- Theatrical release poster
- Directed by: Jairus McLeary
- Produced by: Alice Henty; Eon McLeary; Jairus McLeary; Miles McLeary; Angela Sostre;
- Cinematography: Arturo Santamaria
- Edited by: Amy Foote
- Music by: Adrian Miller
- Production company: Blanketfort Media
- Distributed by: The Orchard; Topic;
- Release dates: March 11, 2017 (SXSW); October 20, 2017 (US);
- Running time: 87 minutes
- Country: United States
- Language: English
- Box office: $5,853

= The Work (film) =

The Work is a 2017 American documentary film following three civilians on a four-day group therapy retreat with men who are incarcerated at Folsom State Prison. The film is the directorial debut of Jairus McLeary and was co-directed by Gethin Aldous. Jairus McLeary produced the film with Alice Henty and his brothers Eon McLeary and Miles McLeary.

== Crew ==

- Jairus McLeary – director, producer
- Gethin Aldous – co-director, executive producer
- James McLeary – executive producer
- Alice Henty – producer
- Eon McLeary – producer
- Miles McLeary – producer
- Angela Sostre – producer
- Arturo Santamaria – director of photography
- Mathew Rudenberg – camera operator
- Amy Foote – editor
- Tom Curley – sound designer

== Production ==
The Work centers on three civilians participating in a four-day group therapy retreat in Folsom State Prison in Folsom, California. The retreat is run by the Inside Circle Foundation, a non-profit organization of which James McLeary, the McLeary brothers' father and a psychologist, is chief executive officer and the retreat's organizer. Eon, Jairus, and Miles had volunteered in the program for over seven years, starting in 2001, and were eventually granted permission by Folsom's inmates to film there.

The film was shot in 2009 and 2010, and over 300 hours of footage was recorded by the time post-production began. Gethin Aldous, a "friend of a friend of a friend" of the McLearys, was brought in as a co-director in 2014 or 2015 after the McLearys insisted he do the program first. Aldous introduced the McLearys to editor Amy Foote, producer Alice Henty, and assistant editor Mike Vass who rounded out the post-production crew.

== Release ==
The Work premiered at South by Southwest on March 11, 2017, and won the Grand Jury Prize for Best Documentary Feature.
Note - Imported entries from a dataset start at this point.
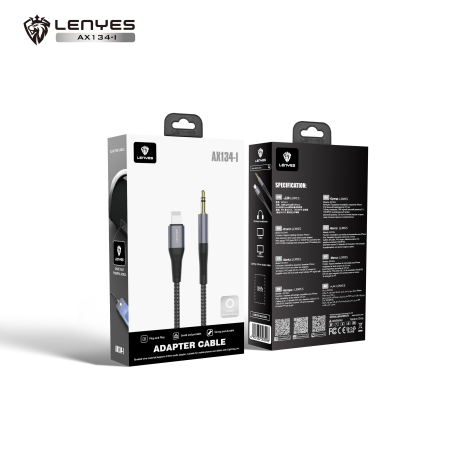 AX 134 <br> <span class='text-color-warm'>سيتوفر قريباً</span>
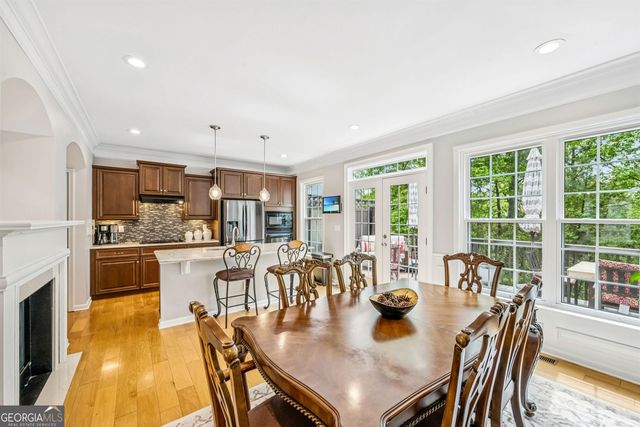 3900 Old Atlanta Station Drive SE, Atlanta, GA 30339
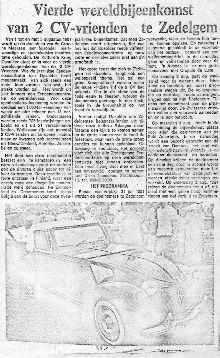 citroen 2pk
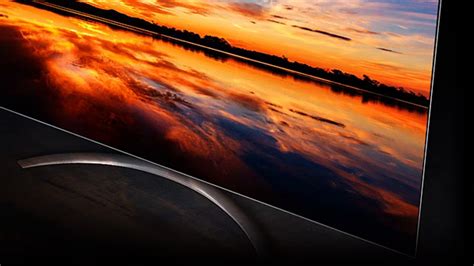 LG Nanocell AI ThinQ TV - Complete Lineup | LG India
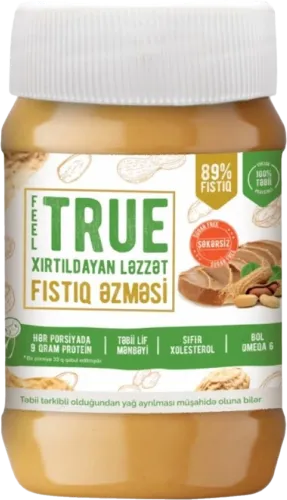 Peanut butter sugar-free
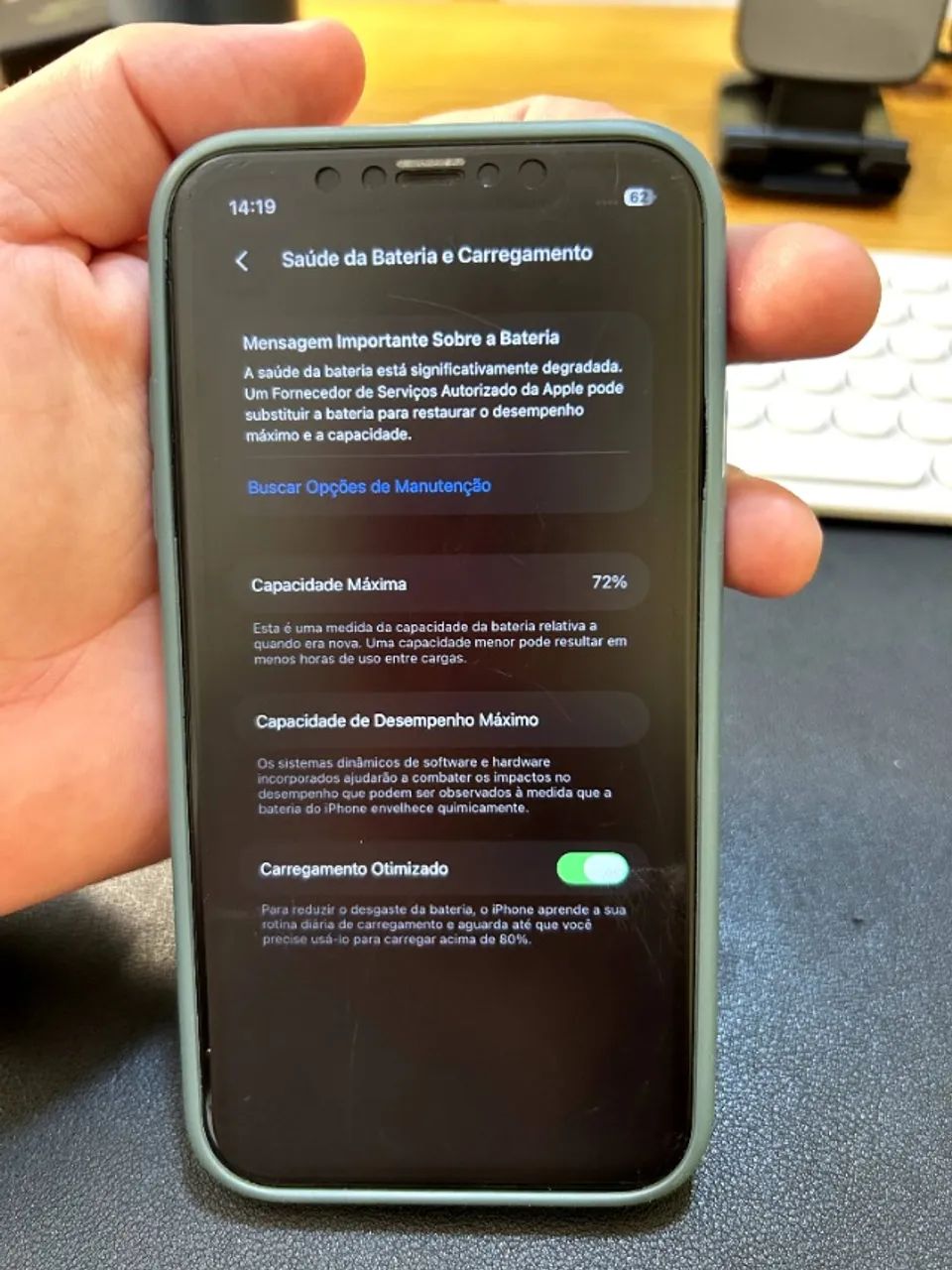 iPhone 11 64gb (100% original) - Foto 3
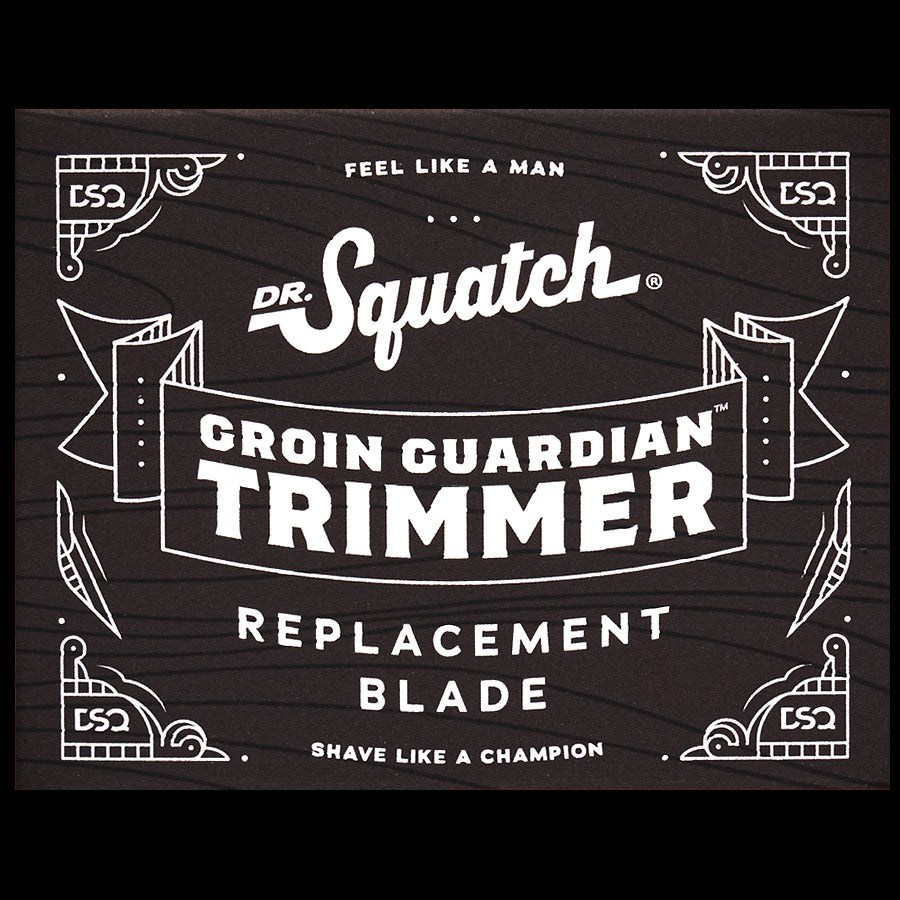 Replacement Trimmer Blade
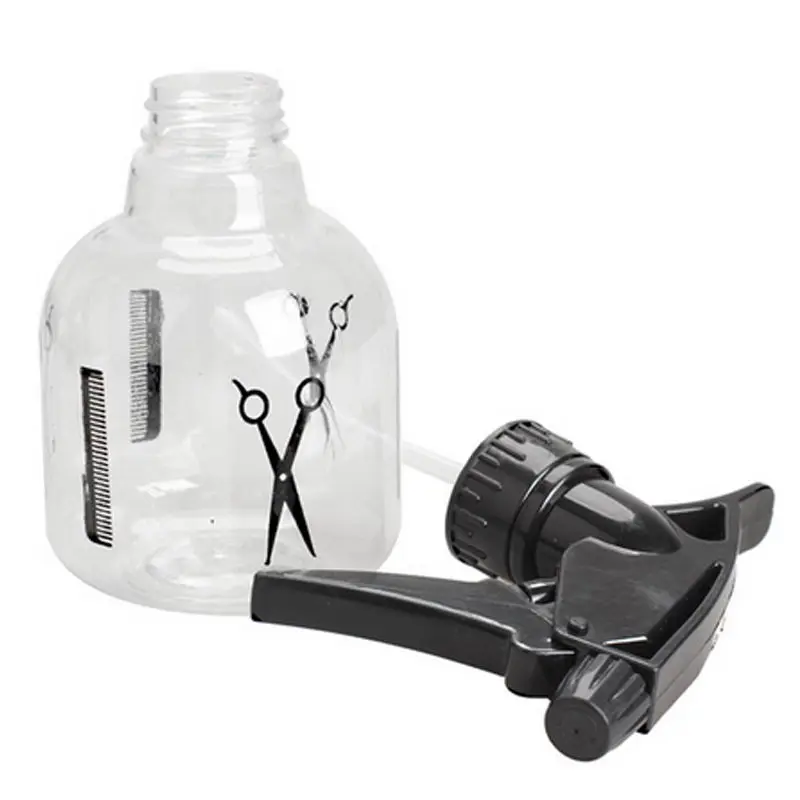 Wholesale Hair Salon Spray Bottle Barber Spray Bottle Buy Barber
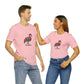 Flamingo Dazzlitude - Snazzle Tee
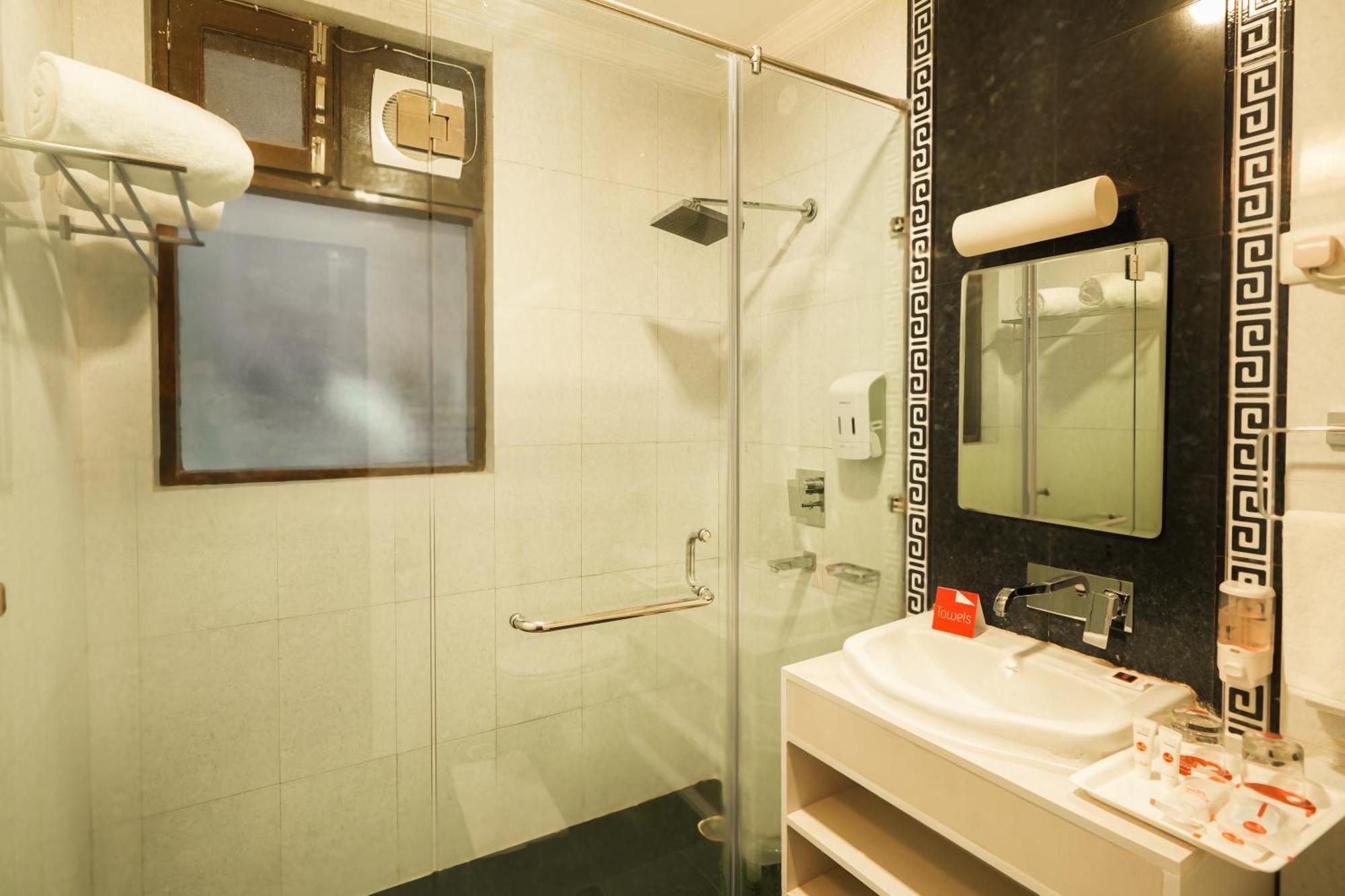 Zip By Spree Hotels Bella Heights Mcleodganj Dharamshala Bagian luar foto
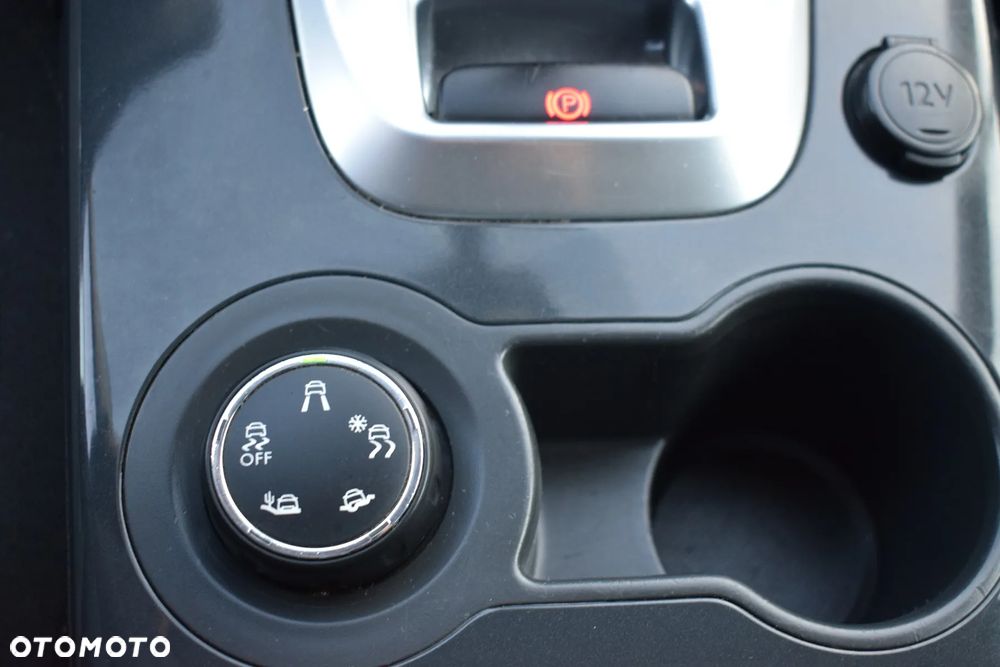 Peugeot 3008 HDi 115 Allure - 26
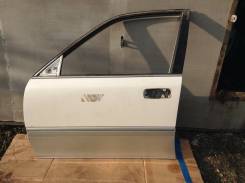 Дверь боковая. Toyota Crown, JZS179, JZS177, JZS175, JZS173, JZS171, JZS175W, JZS171W, JZS173W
The award was voted on by journalist Eugene Hernandez, film critic Ann Hornaday, and reporter Eric Hynes. The film's North American distribution rights were acquired by The Orchard and First Look Media's entertainment studio Topic on April 7, 2017, with The Orchard handling the film's theatrical distribution.

The film opened in New York City theaters on October 20, 2017, and in Los Angeles on October 27. The Work received a theatrical roll out in several other U.S. states starting on October 29 in Washington, with releases in 13 states spanning from October 31 to February 23, 2018.

=== Box office ===
The Work grossed $3,286 in Los Angeles on its opening weekend from October 27 to 29. It grossed $2,567 over the remainder of its Los Angeles release. The film closed on November 2, grossing $5,853 domestically.

=== Critical response ===
The review aggregator website Rotten Tomatoes reported a 100% approval rating based on 58 reviews, with an average score of 8.2/10. The website's critical consensus reads, "The Work takes a gut-wrenching look at lives all too often written off as lost causes, persuasively arguing that growth and change can be waiting where we least expect it." Metacritic, which uses a weighted average, assigned a score of 84 out of 100 based on 13 critics, indicating "universal acclaim".

Sean L. Malin of The Austin Chronicle praised Amy Foote's editing and the film's "impeccable fusion of dramatic timing, visual tension, and sociopolitical relevancy". Sheri Linden of The Hollywood Reporter called it a "remarkable piece of reportage", praising the pacing, absence of interviews, "dynamic camerawork of cinematographer Arturo Santamaria", and Foote's "astute editing". Peter Debrudge of Variety said that the film's "empathetic connection is so direct and so strong, audiences may be driven to weep as well", and praised the camerawork for "offering us a seat in the circle, or else directly over the shoulders of those involved".